How Long THC Stays in Your System
THC’s effects wear off in a few hours, but its metabolites stick around much longer. In urine, a casual user can test positive for up to two weeks after a single session. Chronic, heavy users may test positive for several weeks or even longer, because THC metabolites are stored in fat tissue and released slowly. Blood tests have a shorter detection window, typically a few days, while hair tests can detect use for up to 90 days. If you’re facing a drug test, the frequency and amount of your use matters far more than any detox method.
Risks of Regular Use
Research published in JAMA Network Open found that regular cannabis users showed reduced brain activation during tasks involving social reasoning and working memory compared to non-users. These effects were moderate in size, and the researchers noted that THC exposure may affect overlapping brain processes that contribute to observed links between heavy cannabis use and certain mental health conditions. Reduced brain activation during intoxication could also contribute to the acute psychotic episodes sometimes seen with very high THC doses.

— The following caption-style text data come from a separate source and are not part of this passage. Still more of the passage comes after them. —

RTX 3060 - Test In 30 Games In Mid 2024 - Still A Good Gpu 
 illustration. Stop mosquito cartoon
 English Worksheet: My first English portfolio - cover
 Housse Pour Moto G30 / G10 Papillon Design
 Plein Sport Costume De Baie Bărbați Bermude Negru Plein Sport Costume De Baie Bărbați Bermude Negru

The most well-established risks of long-term smoking include chronic bronchitis symptoms like coughing and excess mucus, a higher likelihood of developing cannabis use disorder (roughly 10% of users, and higher among those who start young), and potential impacts on motivation and academic or work performance during periods of heavy use. For adolescents and young adults whose brains are still developing, the risks are generally considered greater than for older adults.
Medical Uses
While smoking is the recreational delivery method most people think of, the medical applications of cannabis compounds have moved into regulated pharmaceuticals. The FDA has approved a purified CBD medication for treating severe seizure disorders (Lennox-Gastaut syndrome and Dravet syndrome) in patients as young as two. Synthetic THC-based medications are approved for chemotherapy-related nausea and appetite loss associated with AIDS. Many states also have medical cannabis programs that allow patients to use cannabis products for chronic pain, muscle spasticity, and other conditions, though these programs operate separately from FDA drug approval.
The gap between these approved uses and the broader claims made about cannabis reflects the state of the science: there’s strong evidence for a few specific conditions, moderate evidence for pain and nausea, and limited or mixed evidence for many other conditions people use it for.